The love chase, clearly, is on. And soon the banging and crashing are off-stage and imagined. A host of stuffies try to intervene, thinking Kettle "queer" [meaning "ill" in the day's vernacular], dotty or drunk. A local alderman. The chief of police. Delia's husband. George's boss. A doctor. All except his housekeeper's daughter Monica (Emmelia Gordon) who's caught up in serial sexual phantasies and finds this Crazy George quite to her liking.

Hagan's staging / blocking of the cast made full use of the horseshoe seating. The actors were in 100% kinesis-mode NSEW around the four corners of the set throughout the night, not a moment's stall. A treat to be so engaged in this room.

Acting pin-spots : As noted above, Hagan nails her characters for their acting chops.
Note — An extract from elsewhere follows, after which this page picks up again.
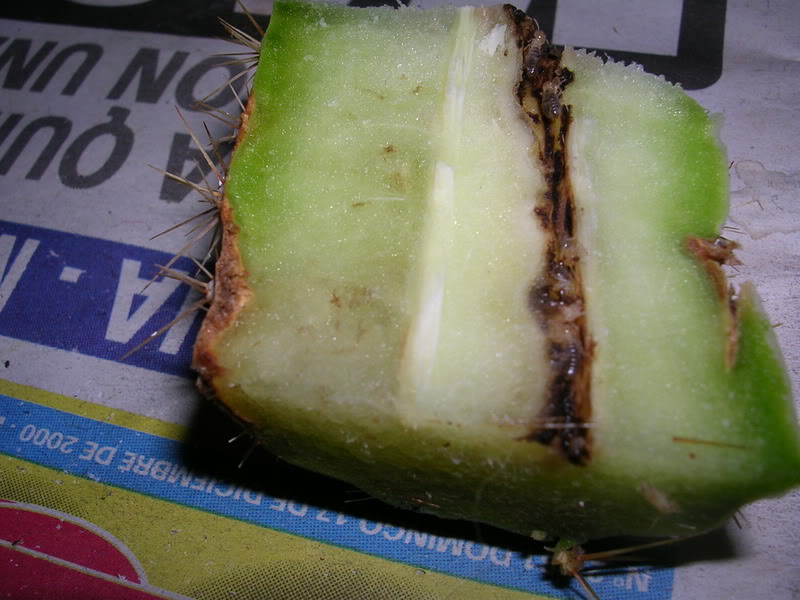 DSCN4989.jpg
Top honours to McBeath who is at the same time outrageous and nuanced as George Kettle. Her costume direction from him in 3-piecer to barefoot early hippy with red-frame specs was sheer joissance. As Monica, Emmelia Gordon charmed completely as the naive ingenue wannabe glamourpuss. Couldn't be more contrast than between the umbrella-tapping real estate slogger husband Henry (William B. Davis) and wife Delia. Davis was sheer stiff-upper-lip charm, while Ms. Smith had just the right emotional crescendo moments throughout. Keith Martin Gordey as Alderman Hardacres was perfect in irrepressible cockalorum and rant. 

Who gonna like : The 130 folks in last night's sold-out house at the Performing Arts Lodge on Cardero were eager and boisterous and fully engaged in Priestly's clever dialogue. For a taste of early British push-back at 20th century cultural straightjackets, this is a truly fun way to sample that menu. 

Particulars :  Presented by Western Gold Theatre. At the PAL Studio Theatre, 581 Cardero Street. Shows March 5-6th, 2:00 matinees, 7:30 evenings.  Company info @ Tickets available through

Production team : Director Anna Hagan.  Set Designer Glenn MacDonald. Costume Designers The Cast.  Lighting Designer Terence Kelly.  Sound Chris Allen.  Stage Manager Jethelo Cabinet.  Props Co-ordinator Andy Sandberg. 

Performers : Stephen Aberle (Mr. Clinton).  William B. Davis (Henry Moon).  Tanja Dixon-Warren (Mrs. Twigg).  Keith Martin Gordey (Alderman Hardacres).  Emmelia Gordon (Monica Twigg).  Brett Harris (Dr. Grenock).  Hrothgar Mathews (Superintendent Street).  Tom McBeath (Gordon Kettle).  Bronwen Smith (Delia Moon).  

Background notes on the playwright : J. B. Priestly died at age 89 in the very year his contemporary George Orwell set as the stage for his masterpiece Big Brother novel 1984. Orwell's book of rampant privacy invasion and liberty suppression by Government spawned the eponymous adjective "orwellian". There is, meanwhile, no parallel adjective "priestlyian". This despite the fact the man was a giant of letters in his time. Some have called him "the last sage of English literature". 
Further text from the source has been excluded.